Felice Casson, Pd, componente della giunta per le immunità del Senato, intervistato dal Corriere della Sera: “Il diritto alla difesa va garantito per tutti. Di conseguenza, se Silvio Berlusconi chiedesse di essere ascoltato dalla giunta per le elezioni del Senato, non credo che gli si possa rispondere con un no. Non si tratta di una regola ben precisa, visto che in questa fase non è prevista da nessun regolamento. Ma, per quanto mi riguarda, consentire a Berlusconi di esporre le sue ragioni rientra in quel diritto alla difesa di cui sopra. Non sarebbe soltanto una questione di correttezza istituzionale visto che la giunta, in passato, l’ha fatto anche con tutti quelli che l’han richiesto…". Sull’ipotesi che la vicenda finisca alla Consulta commenta: "E’ un tema che in diritto non esiste. Come non esiste la storia della retroattività. Se qualcuno vuole cercare qualche scusa per non votare, che ne trovi qualcuna più credibile. Oppure che si assuma la responsabilità di votare contro la decadenza del senatore Berlusconi".

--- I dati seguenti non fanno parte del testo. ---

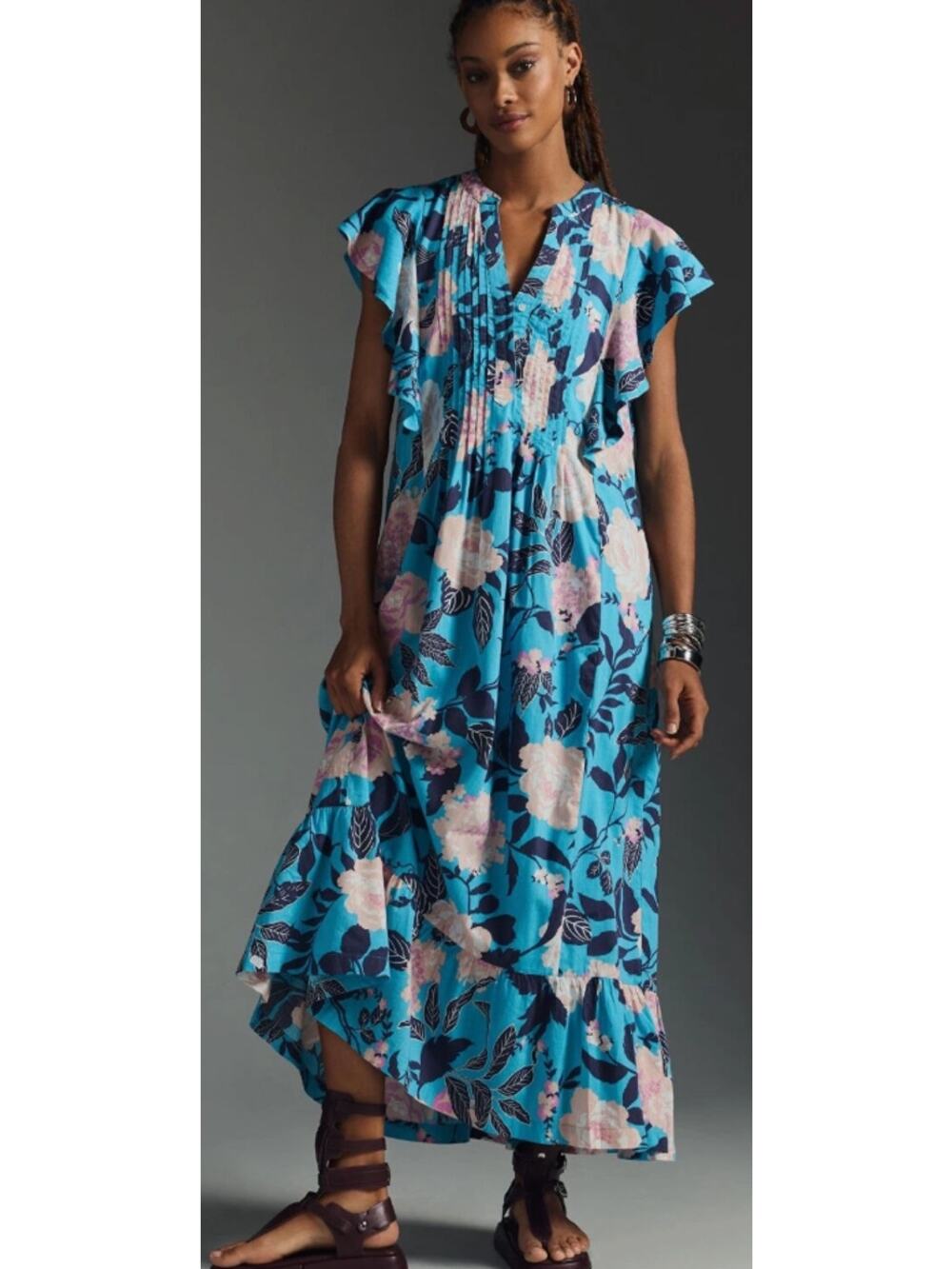 Maeve The Cassandra Maxi Dress in Botanical Motif Floral Blue Small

Per Daniela Santanchè, berlusconiana doc, se “la Giunta decidesse di far decadere Berlusconi da senatore, sarebbe un vero e proprio colpo di Stato”, con tutte le conseguenza del caso. Intanto, l’avvocato del Cav, Franco Coppi, a proposito della possibilità della grazia a Berlusconi da parte del presidente della Repubblica, Giorgio Napolitano, spiega: “Fino adesso non e’ stata fatta nessuna scelta, ne’ in un senso ne’ nell’altro. Non e’ stata presentata alcuna domanda di grazia al capo dello Stato, ma resta una delle ipotesi in campo. Con il presidente Berlusconi non ne abbiamo parlato in questi giorni, ma non e’ escluso che decida in tal senso".
Ferdinando Casini, leader Udc, in una intervista al Quotidiano nazionale, riassume: “Ci sono due stati d’animo che ritengo aberranti sotto il profilo giuridico e politico. Da una parte il Pdl, che dice che se cade Berlusconi cade Letta; dall’altra il Pd che promette in giunta un proprio atteggiamento compatto", ma "nella giunta non si ripropongono gli schieramenti della politica tradizionale", "e i membri devono agire secondo la propria coscienza". In ogni caso Casini si augura che Berlusconi si dimetta: "Se in giunta ci sarà un lavoro di approfondimento serio, veramente garantista, mi auguro che lui faccia questa scelta, che d’altra parte concorda anche con la rilevanza dei ruoli istituzionali che ha avuto". Comunque vadano le cose, commenta ancora il leader centrista, “è chiaro che quanto succederà nel centrodestra di qui a due mesi condizionerà il futuro dei moderati in Italia. Finito il berlusconismo, o i moderati si riuniscono in una grande formazione sulle orme del partito popolare europeo che si contrappone a un partito socialista sempre di stampo europeo o il sistema non si evolve verso un bipolarismo maturo".